Billions were wiped off the cryptocurrency market this week with the collapse of the Terra “stablecoin”. But is its failure just another example of the here-today-gone-tomorrow nature of the sector, or could it be the beginning of a wider downturn?
Terra is a stablecoin – a cryptocurrency that is intended to have a fixed value, typically $1. Stablecoins function similarly to a bank in the crypto ecosystem, providing a safe place to store money and greasing the wheels of commerce.

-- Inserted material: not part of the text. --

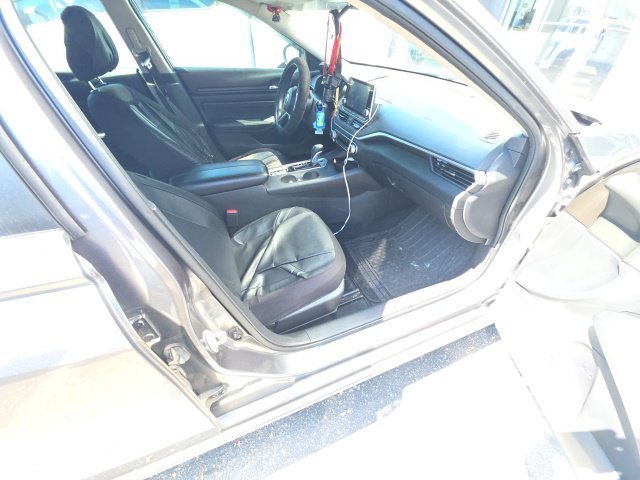 Used 2020 Gray Nissan 2.5 S image 8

Many stablecoins, such as USDC and Tether, get their stability from large reserves, and are supposed to keep enough liquid assets on hand to cover all of the coins in circulation. But Terra is a new breed of “algorithmic stablecoin”, which effectively prints money out of thin air and uses a complex set of “smart contracts” to try to ensure the value hovers as close to $1 as possible. That arrangement worked – until it suddenly didn’t.
Terra “broke its peg”. After hovering about $1 for almost a year, the value of one coin plummeted, first to 70¢, and then further, settling around 35¢ on Wednesday afternoon. The complex algorithmic deal that was supposed to keep the coin trading at a fixed price failed, as investors raced to liquidate their positions faster than the automatic stabilisers could kick in.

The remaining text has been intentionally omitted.